Quinze ans après sa première incursion sur grand écran, la franchise Street Fighter revient dans les bacs vidéo avec l'intention de corriger le tir. Ah bon vraiment ?
Si on pointe souvent du doigt les bourdes de nos distributeurs français - se résumant généralement à exploiter des tueries étrangères directement en vidéo pendant que certains navetons commerciaux se voient gratifiés d'un parterre de salles indécent - il arrive que ceux-ci fassent correctement leur boulot. Echec ou non au box-office US,
Street Fighter : Legend of Chun Li ne méritait certainement pas une sortie de prestige.
S'il y en avaient encore pour espérer quelque chose de cette nouvelle adaptation ciné de la star des jeux vidéos de baston, à ceux-ci nous répondront simplement que le film d'
Andrzej Bartowiak, tâcheron aussi peu à l'aise avec les transpositions vidéoludiques (
Doom) qu'avec les bandes d'arts martiaux (
Roméo doit mourir), nous leur dirons simplement que le résultat est aussi ringard que l'impayable nanar avec JCVD. Toute la différence tient dans le seul fait que le premier
Street Fighter reste une amusante bouffonnerie kitsch alors que le second ne provoque que consternation et ennui. Pour le reste, il est regrettable de constater qu'en vingt ans, Hollywood n'a toujours pas compris comment assimiler des licences fédérant des millions de gamers avec les impératifs narratifs du 7ième art. Pas plus qu'il n'a compris ceux du cinéma d'action asiatique qu'il ne cesse de caricaturer.
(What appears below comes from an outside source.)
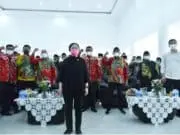 Bertemu Ratusan Kepala Desa di Sumenep, Puan Minta Dana Desa Dikelola Secara Transparan Bertemu Ratusan Kepala Desa di Sumenep, Puan Minta Dana Desa Dikelola Secara Transparan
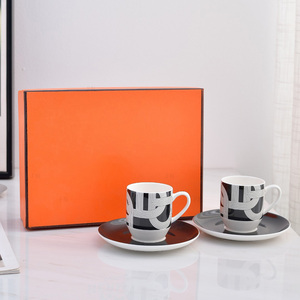Juego de 2 Tazas y Platos de Porcelana de Lujo Estilo Británico, Más Vendido - Product Image 1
Pur outil de pompe à fric conçu par des producteurs n'entravant rien à la culture de ceux à qui ils s'adressent,
Street Fighter : Legend of Chun Li n'est là que pour soutirer l'argent du chaland mais n'a aucunement le désir de la contenter. En 1994, les exécutifs avaient au moins le mérite de prendre une grande majorité du bestiaire de combattants disponibles. En 2009 on prend juste une poignée de noms identifiables par les fans qu'on colle sur des personnages plus ou moins raccords avec le matériau d'origine et qu'on injecte dans un univers passe partout. Pour la fidélité il faudra donc repasser mais ce n'est le moindre des défauts d'une entreprise au scénario à peine digne des DTV de bourrins inondant les vidéoclubs. On vous épargnera le résumé de l'intrigue épaissit par une flopée de fils blancs. Sachez seulement que ce
Street Fighter se la joue gros spin-off centré sur l'héroïne du titre (la t
arte Kristin Kreuk) qui veut venger l'enlèvement de son père par le mafieux Bison, lui-même poursuivit par des agents fédéraux…
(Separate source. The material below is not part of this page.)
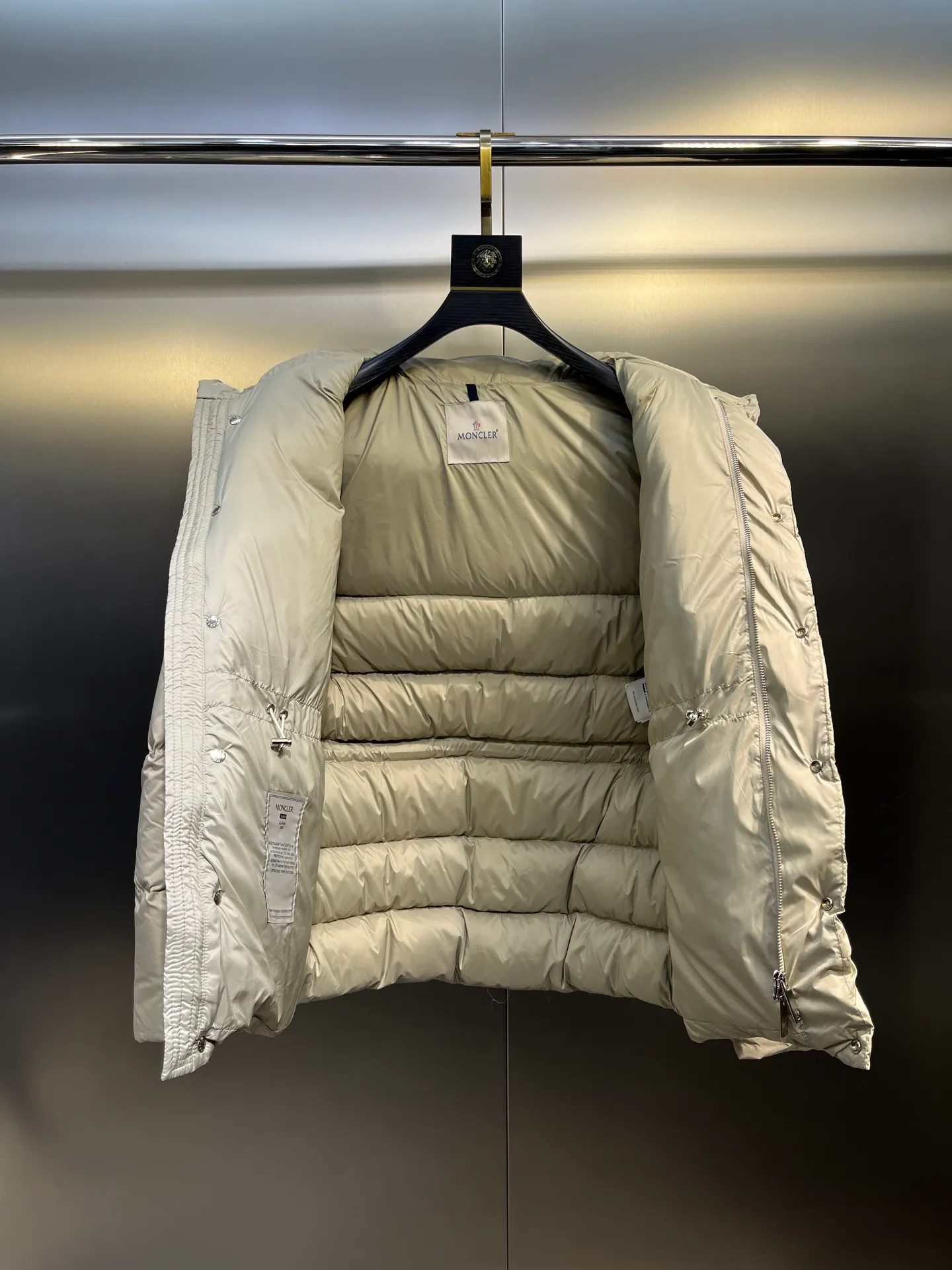 P800 Monler 25th New Down Jacket Men's Short Black Label Hooded Down Jacket Bauges down jacket is a timeless item specially designed for elegant men. The zipper uses cowhide leather design technology and is made of lightweight micro-nylon fabric. The cropped silhouette features signature quilting and discreet logo details, adding a touch of Moncler chic to everyday looks. Japanese standard 90 velvet filling color: black apricot Size: 1-2-3-4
Au milieu de cet indigeste méli-mélo, vague excuse pour justifier le lancement d'une franchise exponentielle (le but était clairement de présenter un protagoniste par opus comme le laisse supposer l'évocation de Ryu dans le final), on trouve bien évidemment des affrontements tous plus désolants les uns que les autres. Entre action mal découpée, chorégraphies automatisées et pirouettes câblées à tous les étages, les comédiens soit has-been fadasses en puissance ou simples égarés (mais tous des non pratiquants du kung-fu of course) sont encore moins à l'aise quand il s'agit de se remuer que lorsqu'il faut déclamer avec le plus grand des sérieux des répliques vaseuses au ridicule contagieux. L'unique matière à retirer de cette catastrophe reste finalement une interrogation : le jeu de baston peut-il vraiment se décalquer autre part que sur console? Le débat est lancé.
Moins drôle que son prédécesseur mais assurément tout aussi lamentable d'opportunisme, ce nouveau Street Fighter : Legend of Chun Li sent le bon gros Z des familles.